» MATERIAL PROVIDED:
[Start of section]
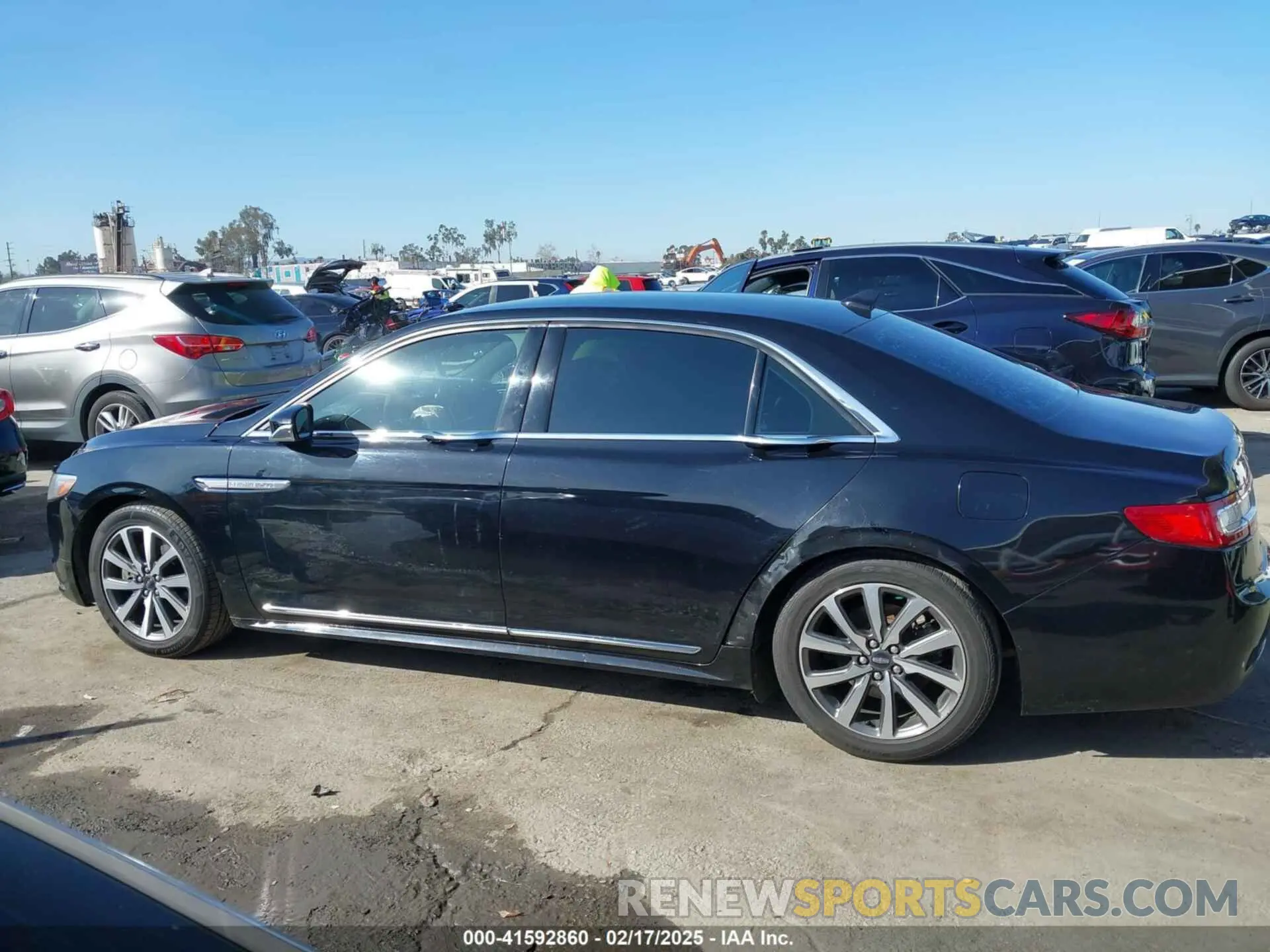 14 Photograph of a damaged car 1LN6L9UK7L5602981 LINCOLN CONTINENTAL 2020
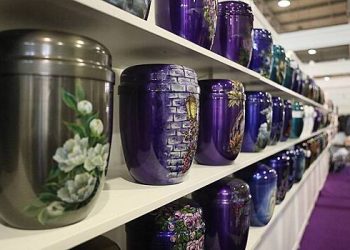 فادر الیاشینکو نے کہا کہ آرتھوڈوکس عیسائیوں کا آخری رسوم کرنا ممکن ہے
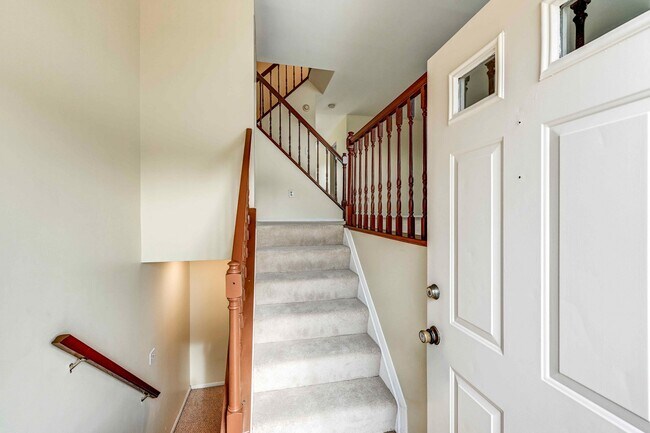 Building Photo - 18 Clinton Hill Ct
[End of section]
All of the lines above must be repeated without alteration, though the pictures are to be excluded.

» SOLUTION TO THIS PROBLEM:
 14 Photograph of a damaged car 1LN6L9UK7L5602981 LINCOLN CONTINENTAL 2020
 فادر الیاشینکو نے کہا کہ آرتھوڈوکس عیسائیوں کا آخری رسوم کرنا ممکن ہے
 Building Photo - 18 Clinton Hill Ct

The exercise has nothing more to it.